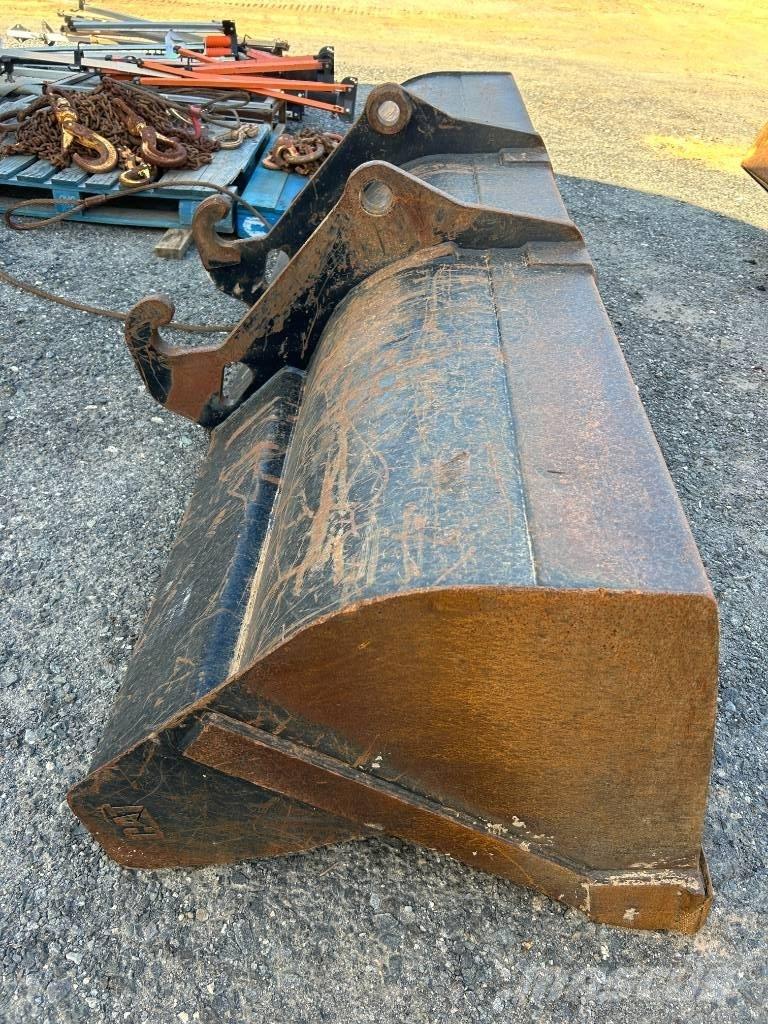 CAT 420F2 IT Экскаваторы-погрузчики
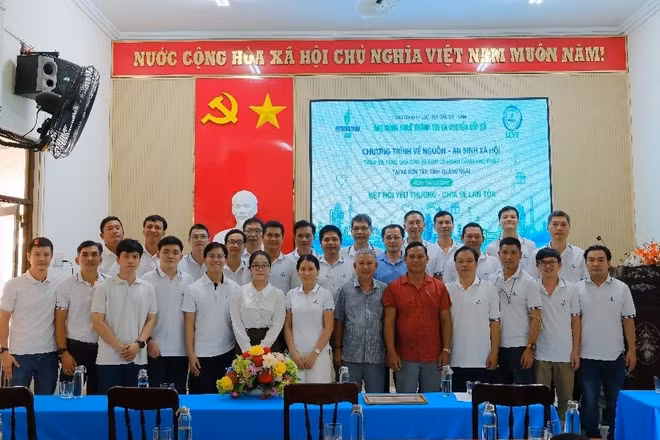 Đoàn công tác của Ban Công nghệ thông tin và Chuyển đổi số BSR đã có một chương trình an sinh xã hội ý nghĩa tại xã Sơn Tây, tỉnh Quảng Ngãi. (Ảnh: CHÍNH LINH)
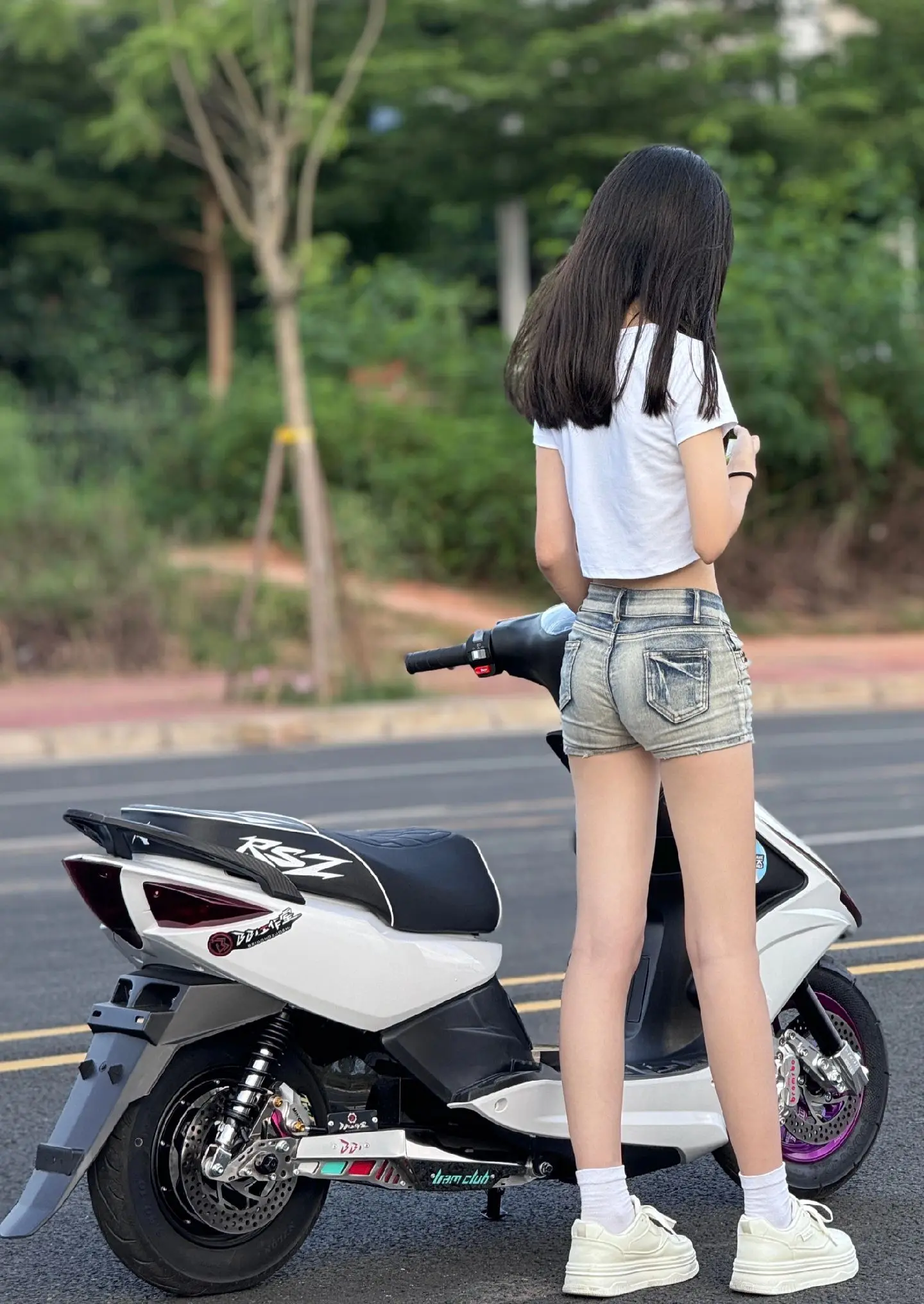 本姑娘要是喜欢你，三杯就倒在你怀里，要是不喜欢你，我就会让你知道，什么...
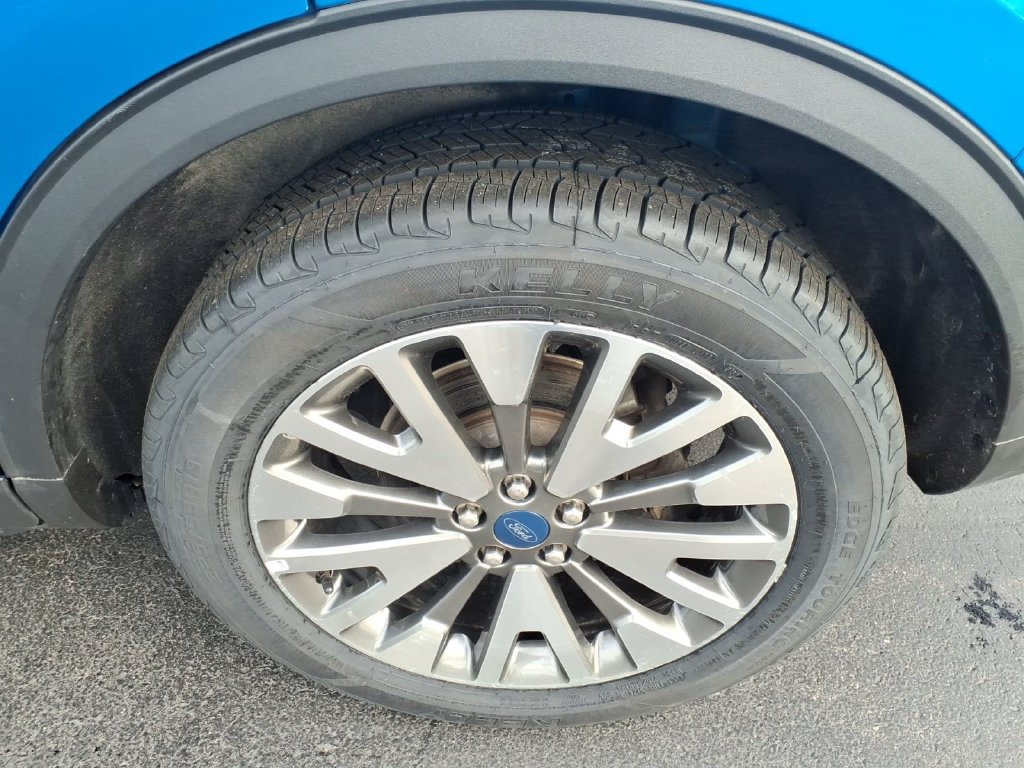 Certified 2021 Ford Escape Titanium AWD/4WD image 7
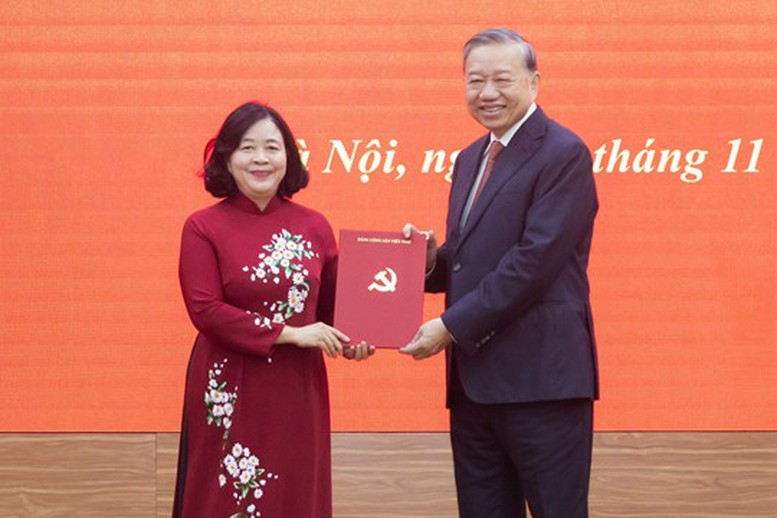 Đồng chí Bùi Thị  Minh Hoài giữ chức Bí thư Đảng ủy Mặt trận Tổ quốc, các đoàn thể Trung ương- Ảnh 1. Đồng chí Bùi Thị  Minh Hoài giữ chức Bí thư Đảng ủy Mặt trận Tổ quốc, các đoàn thể Trung ương- Ảnh 1.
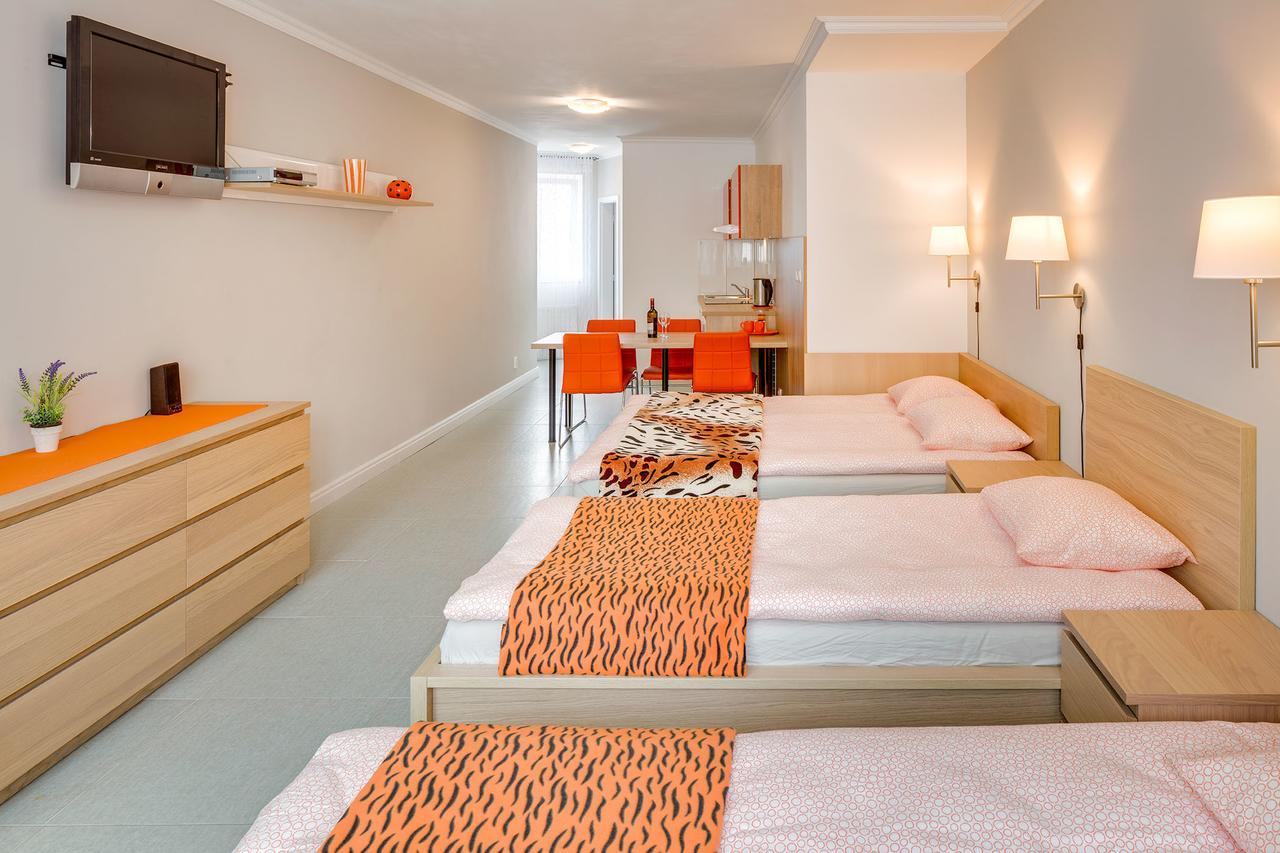 Apartements Studio 964 Líbeznice Екстериор снимка
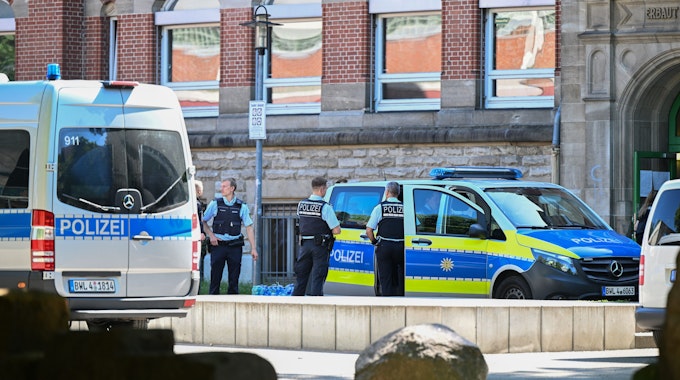 Die Polizei sicherte die Grundschule nach dem schrecklichen Messer-Angriff in Esslingen.
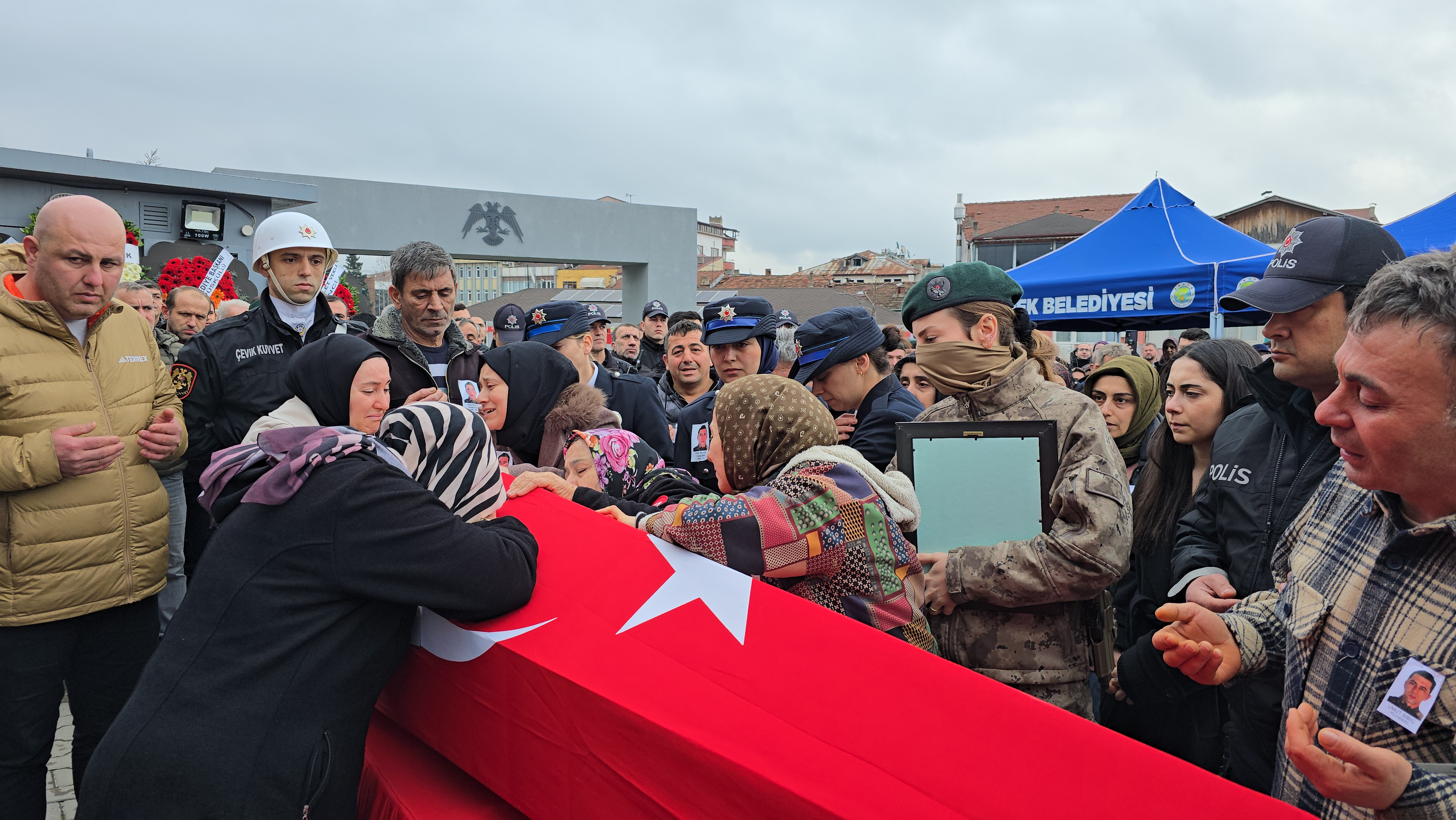 Polis Memuru Umut Sıbıç Hendek’te Törenle Uğurlandı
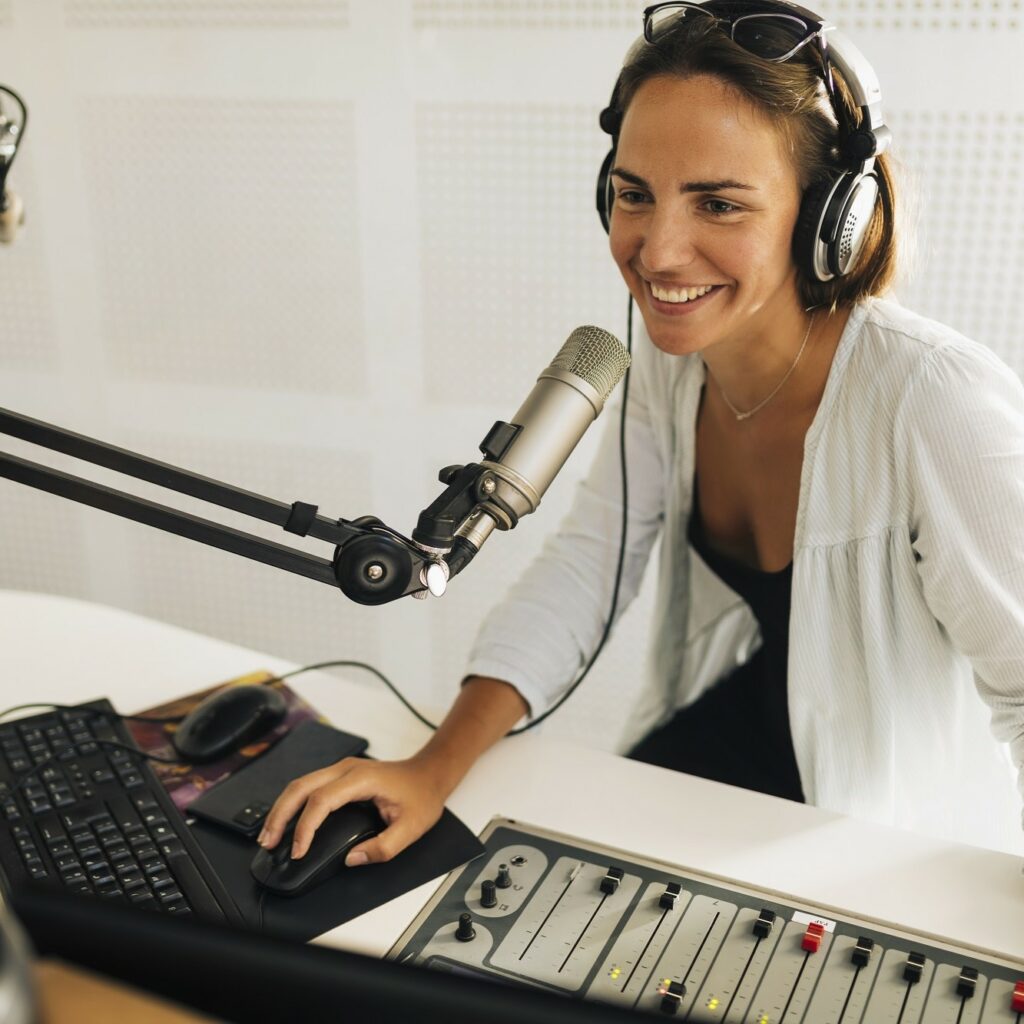 TECNOLOGIA – Sempre più ascoltati: i numeri di Nielsen sui podcast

++++++++++

No picture belongs in the answer; the rest of the records must be repeated exactly.

■ **Solution to this task**:
 CAT 420F2 IT Экскаваторы-погрузчики
 Đoàn công tác của Ban Công nghệ thông tin và Chuyển đổi số BSR đã có một chương trình an sinh xã hội ý nghĩa tại xã Sơn Tây, tỉnh Quảng Ngãi. (Ảnh: CHÍNH LINH)
 本姑娘要是喜欢你，三杯就倒在你怀里，要是不喜欢你，我就会让你知道，什么...
 Certified 2021 Ford Escape Titanium AWD/4WD image 7
 Đồng chí Bùi Thị  Minh Hoài giữ chức Bí thư Đảng ủy Mặt trận Tổ quốc, các đoàn thể Trung ương- Ảnh 1. Đồng chí Bùi Thị  Minh Hoài giữ chức Bí thư Đảng ủy Mặt trận Tổ quốc, các đoàn thể Trung ương- Ảnh 1.
 Apartements Studio 964 Líbeznice Екстериор снимка
 Die Polizei sicherte die Grundschule nach dem schrecklichen Messer-Angriff in Esslingen.
 Polis Memuru Umut Sıbıç Hendek’te Törenle Uğurlandı
 TECNOLOGIA – Sempre più ascoltati: i numeri di Nielsen sui podcast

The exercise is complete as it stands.